------ DATA PROVIDED

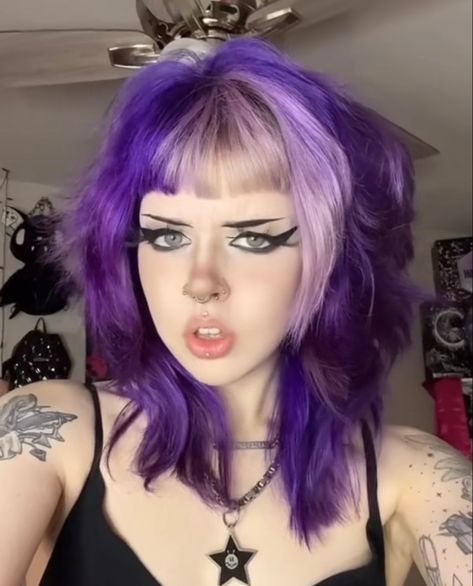 Short Purple Hair, Split Dyed Hair, Red Hair Inspo, Goth Hair, Dyed Hair Inspiration, Split Hair, Choppy Hair, Peinados Fáciles Para Cabello Corto, Creative Hairstyles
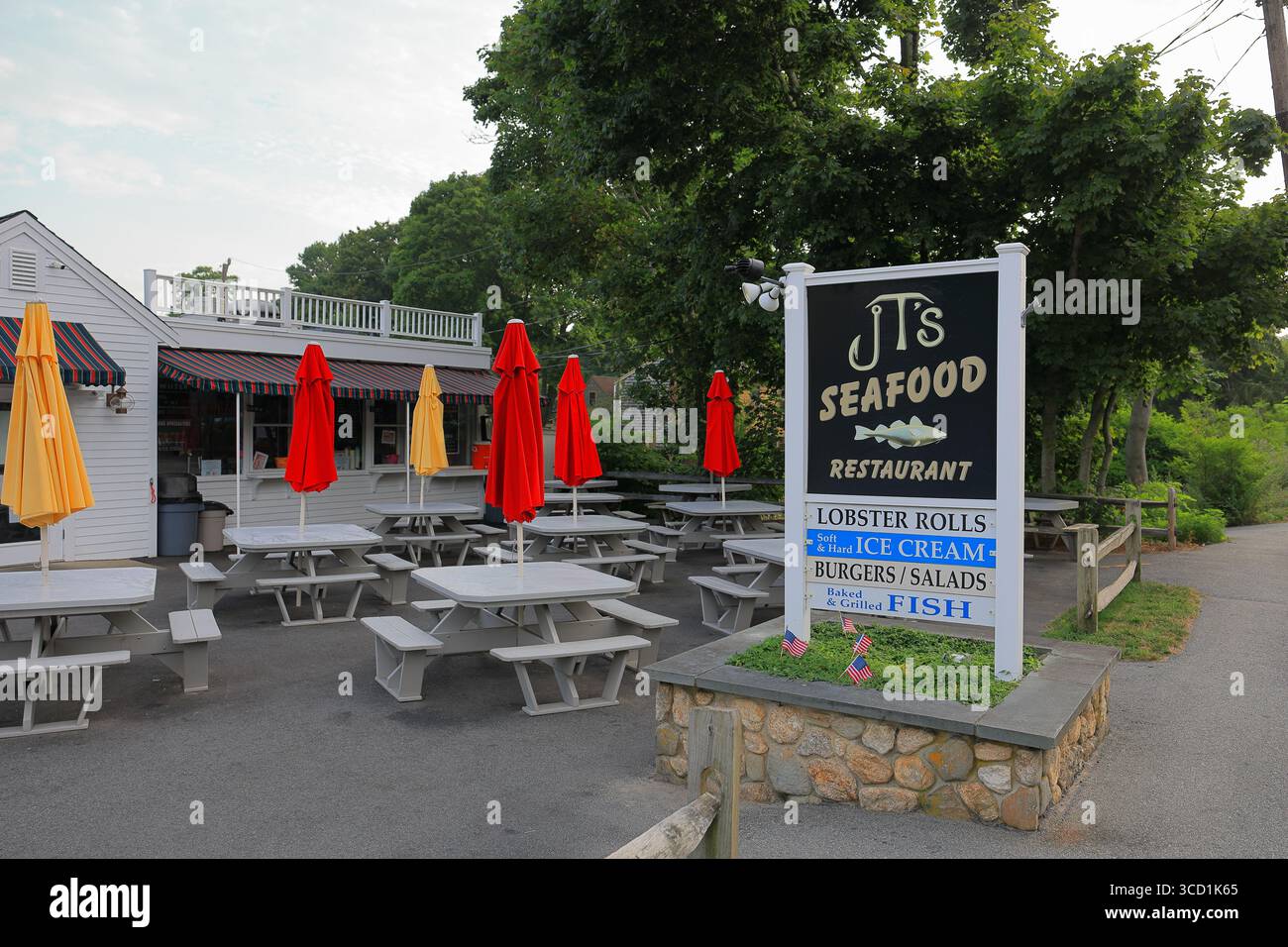 Brewster, ma, États-Unis - 29 juillet 2025 - le restaurant de fruits de mer et le stand de crème glacée de JT est une halte estivale bien-aimée pour les vacanciers de Cape Cod Banque D'Images Brewster, ma, États-Unis - 29 juillet 2025 - le restaurant de fruits de mer et le stand de crème glacée de JT est une halte estivale bien-aimée pour les vacanciers de Cape Cod Banque D'Images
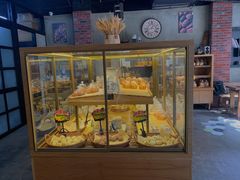 面包甜点陈列柜-啊噗吐呦现场烘焙(麦凯乐店)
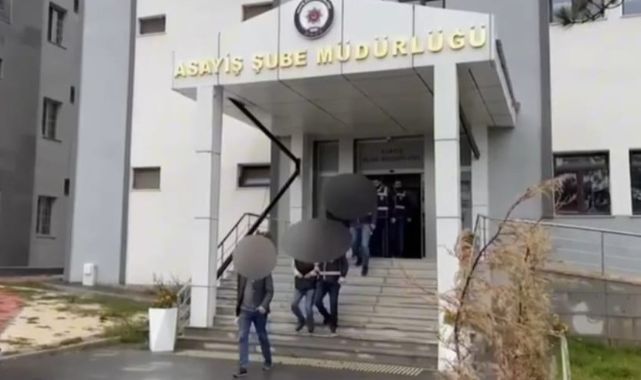 Polislerden kaçamadılar! Yakayı ele verdiler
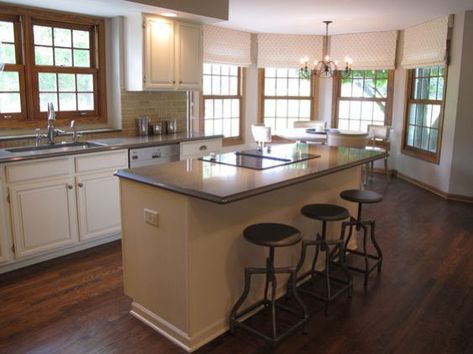 kitchen with wood trim Oak Wood Trim, White Kitchen Cupboards, Dark Wood Kitchens, Wood Floor Kitchen, Oak Trim, White Oak Wood, Wood Kitchen Cabinets, Upper Cabinets, Kitchen Redo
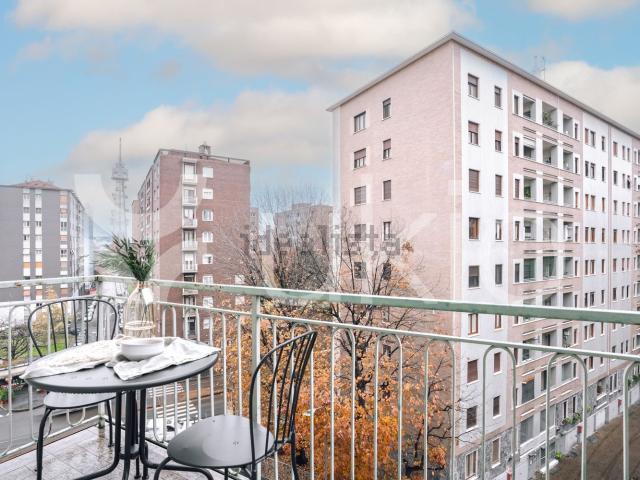 Appartamento in affitto a Municipio 8 di Milano, Milano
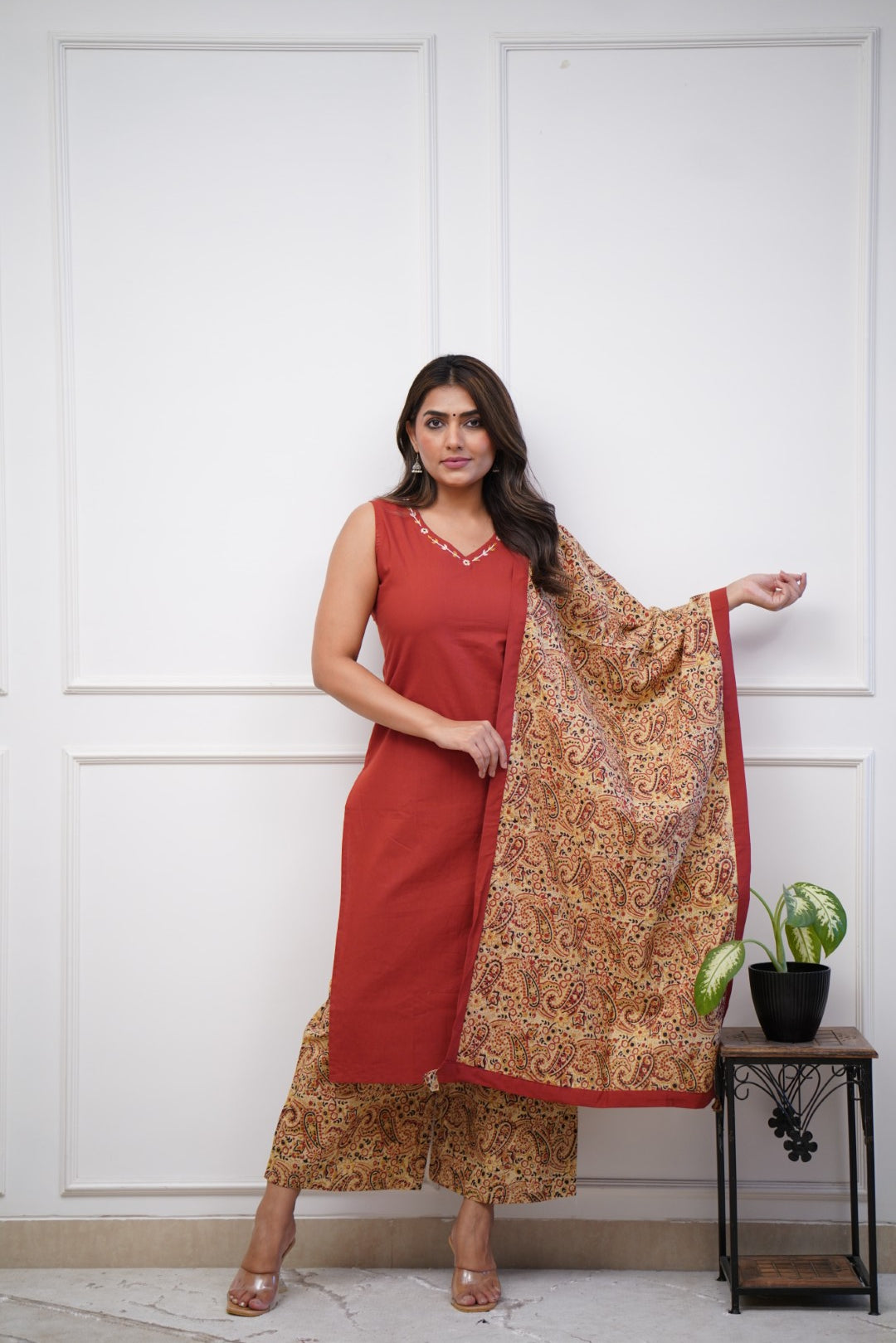 Sleveless Dress
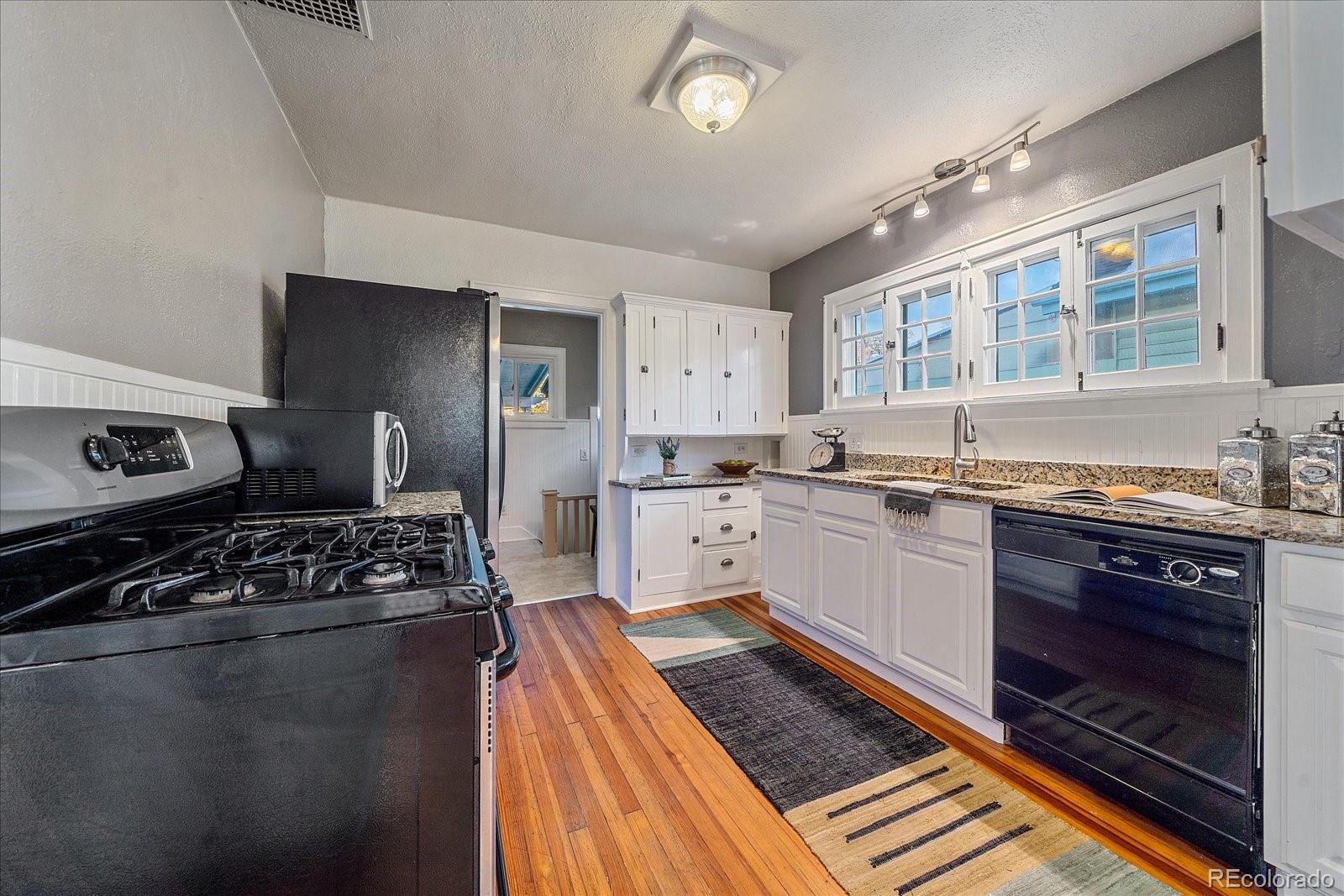 MLS Image #10 for 3970  sheridan boulevard,denver, Colorado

------------

#### EXERCISE OBJECTIVE
What is needed is an exact reproduction of the data, pictures excluded.

#### COMPLETED TASK
 Short Purple Hair, Split Dyed Hair, Red Hair Inspo, Goth Hair, Dyed Hair Inspiration, Split Hair, Choppy Hair, Peinados Fáciles Para Cabello Corto, Creative Hairstyles
 Brewster, ma, États-Unis - 29 juillet 2025 - le restaurant de fruits de mer et le stand de crème glacée de JT est une halte estivale bien-aimée pour les vacanciers de Cape Cod Banque D'Images Brewster, ma, États-Unis - 29 juillet 2025 - le restaurant de fruits de mer et le stand de crème glacée de JT est une halte estivale bien-aimée pour les vacanciers de Cape Cod Banque D'Images
 面包甜点陈列柜-啊噗吐呦现场烘焙(麦凯乐店)
 Polislerden kaçamadılar! Yakayı ele verdiler
 kitchen with wood trim Oak Wood Trim, White Kitchen Cupboards, Dark Wood Kitchens, Wood Floor Kitchen, Oak Trim, White Oak Wood, Wood Kitchen Cabinets, Upper Cabinets, Kitchen Redo
 Appartamento in affitto a Municipio 8 di Milano, Milano
 Sleveless Dress
 MLS Image #10 for 3970  sheridan boulevard,denver, Colorado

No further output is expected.